The Edge Foundation (UNITED KINGDOM)
About this paper:
Appears in: INTED2020 Proceedings
Publication year: 2020
Page: 2441 (abstract only)
ISBN: 978-84-09-17939-8
ISSN: 2340-1079
doi: 10.21125/inted.2020.0745
Conference name: 14th International Technology, Education and Development Conference
Dates: 2-4 March, 2020
Location: Valencia, Spain
In a world immersed with technology it is undeniable to view its role in education. There are infinite benefits when technology is implemented effectively in a learning environment. Across the United Kingdom (UK) the Further Education sector (FE) has been shouldered with long-term struggles in teaching and learning due to the diminishing funding by the UK government put into vocational education and training (VET). Some challenges include teacher workforce recruitment and retention, engaging learning environments for 16-18-year olds and adult learners, and a breadth of provision and qualifications that make it difficult for students to navigate their options. Education technology (EdTech) can be part of the solution; when its potential is realised it can be fostered in ways that improve educational outcomes, develop digital skills among learners, reduce staff workload and foster creativity and innovation. The aim of this paper is to showcase how four FE colleges in England, Northern Ireland and Scotland that have used EdTech in their practices to provide learners with the necessary skills needed for local industries in the 21st century.

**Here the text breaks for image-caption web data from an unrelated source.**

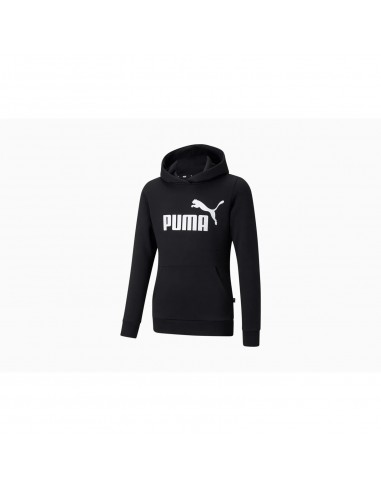 PUMA SUDADERA ESS LOGO HOODIE NEGRA NIÑO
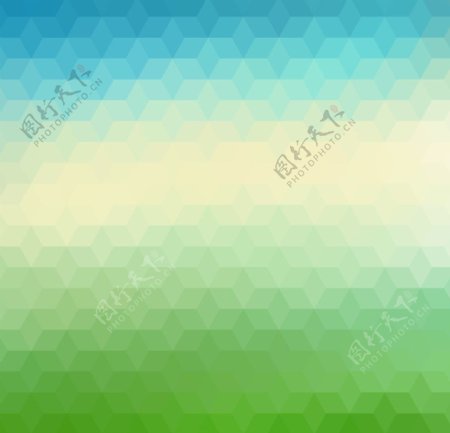 绿色和蓝色多边形抽象背景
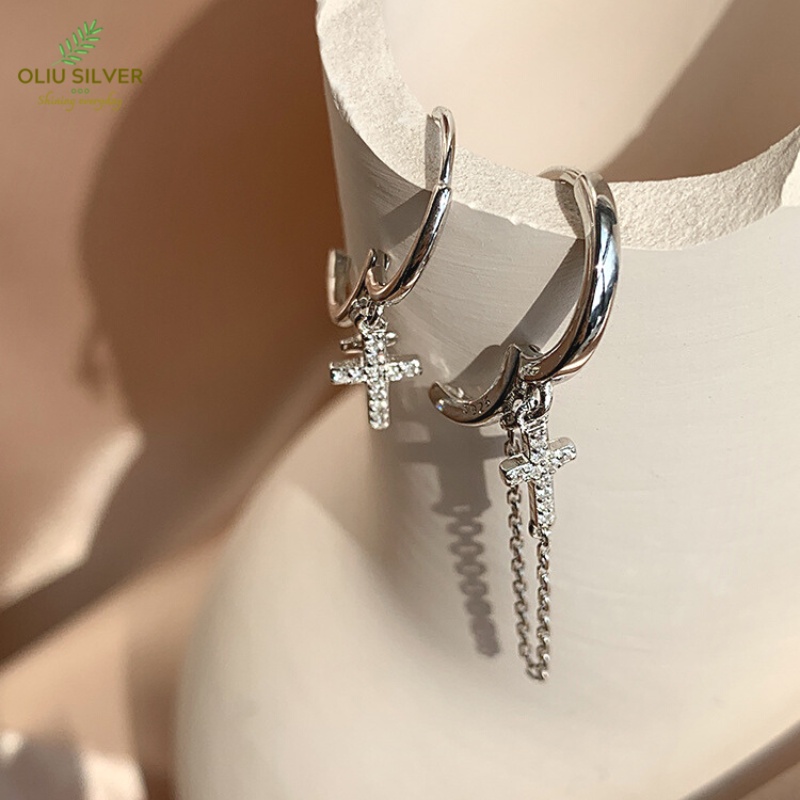 Bông Tai Bạc S925 Khoen Tròn Chữ Thập Cross Bất Đối Xứng Trẻ Trung Cá Tính | Khuyên Tai Nữ Trang Sức Bạc Thời Trang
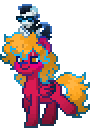 Gif Description: A gif of a default-like pony walking in place. She is colored pinkish red and has long hair that's warm yellow in color. She has a plushie on her head of someone who looks similar to Spamton. End GD.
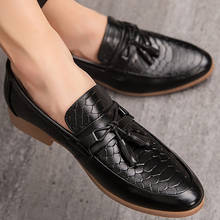 Brand Fashion Formal Shoes Bullock Business Office Shoes for Men 2021 Italy Luxury Dress Shoes Male Casual Party Flats Loafers 2024 - compra barato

This research applied a case study methodology with qualitative methods of data collection across four colleges in the UK. The study took place across a period of four months. Semi-structured interviews were held with two to three members of the senior leadership team at each college and with up to 12 lecturers across different courses. Interviews with senior leadership members aimed to understand how and why a digital strategy was adopted across the college. Interviews with lecturers aimed to view their perceptions of using EdTech tools and strategies in their courses. Observations of facilities and EdTech tools across the college was the second method adopted for this research. A narrative analysis was applied to each case study to present a holistic understanding of how each college adopted EdTech in their teaching and learning.

The findings revealed that each college undertook a strategic decision to underpin their curriculum and operations with a whole digital strategy to improve all aspects of their work. Implementation of a digital strategy resulted in very creative initiatives across different VET courses, lecturers having reduced workloads due to new tools being utilised, providing a real-world learning experience for students and an improvement of digital capabilities across staff and students. However, a recurring barrier expressed by all colleges was the difficulty in convincing all lecturers to adopt EdTech in their courses due to their lack of confidence in using technology in the classroom. In conclusion, each college held different strategies in developing an empowered digital community for staff and students. This research has evidenced how EdTech can play a strong role in improving outcomes in further education colleges and suggests a future area of research to focus on mechanisms in building confidence among lecturers’ use of digital tools in teaching.
EdTech, Further Education, Vocational Education and Training, Digital Education.